▶ PROBLEM STATEMENT
Pictures are to be left out; otherwise, copy exactly the lines from the line containing "LEGO® Harry Potter" through the end of the data.

▶ EXERCISE INPUTS
•••

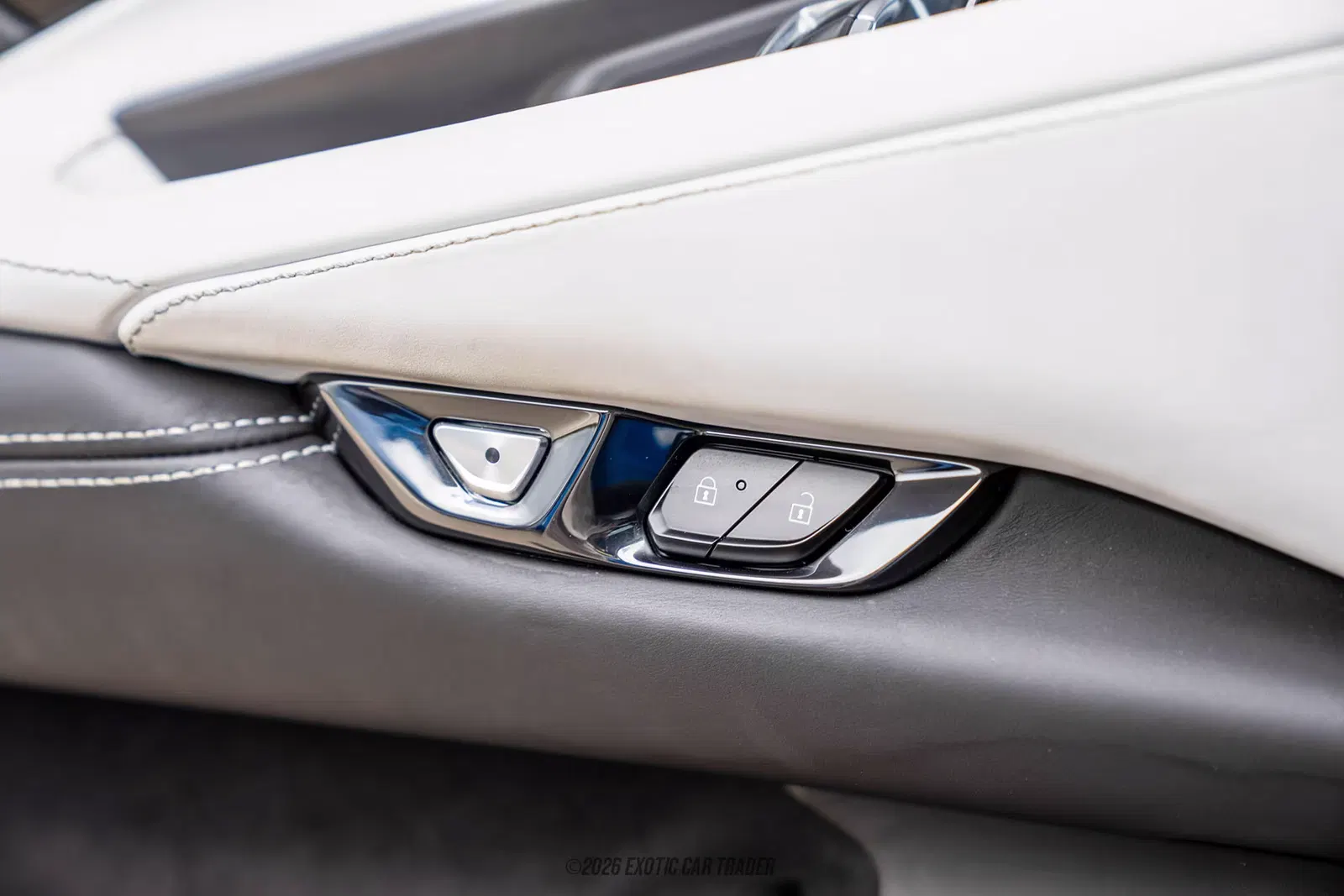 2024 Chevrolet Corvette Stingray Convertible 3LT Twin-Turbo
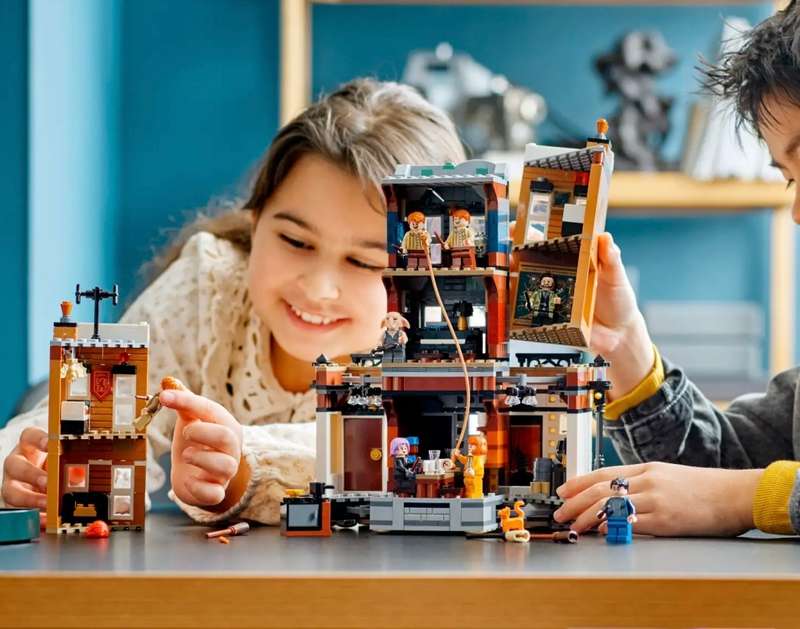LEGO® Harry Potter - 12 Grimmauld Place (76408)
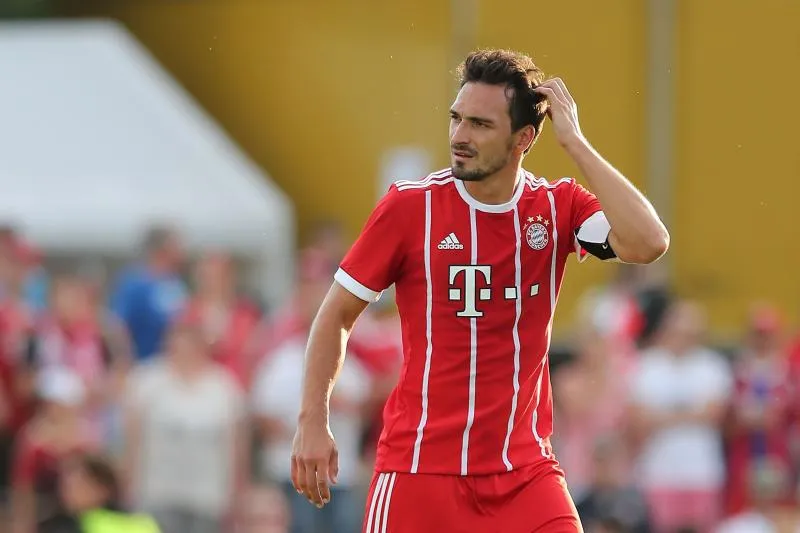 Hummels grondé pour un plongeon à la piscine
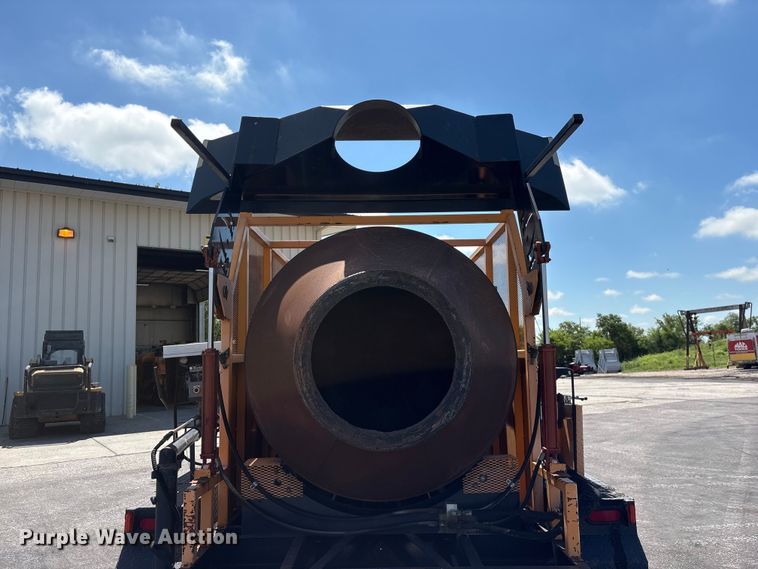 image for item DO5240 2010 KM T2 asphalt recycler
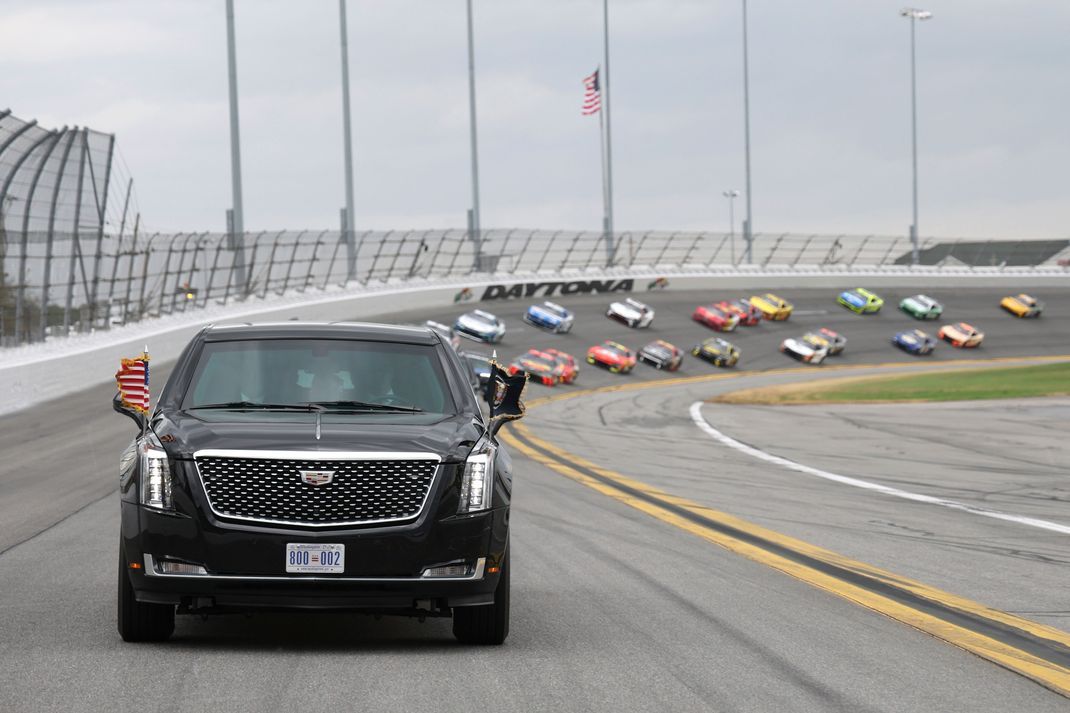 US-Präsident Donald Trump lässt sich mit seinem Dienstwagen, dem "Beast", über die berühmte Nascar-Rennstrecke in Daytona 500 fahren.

•••

▶ RESPONSE FOR THIS EXERCISE
LEGO® Harry Potter - 12 Grimmauld Place (76408)
 Hummels grondé pour un plongeon à la piscine
 image for item DO5240 2010 KM T2 asphalt recycler
 US-Präsident Donald Trump lässt sich mit seinem Dienstwagen, dem "Beast", über die berühmte Nascar-Rennstrecke in Daytona 500 fahren.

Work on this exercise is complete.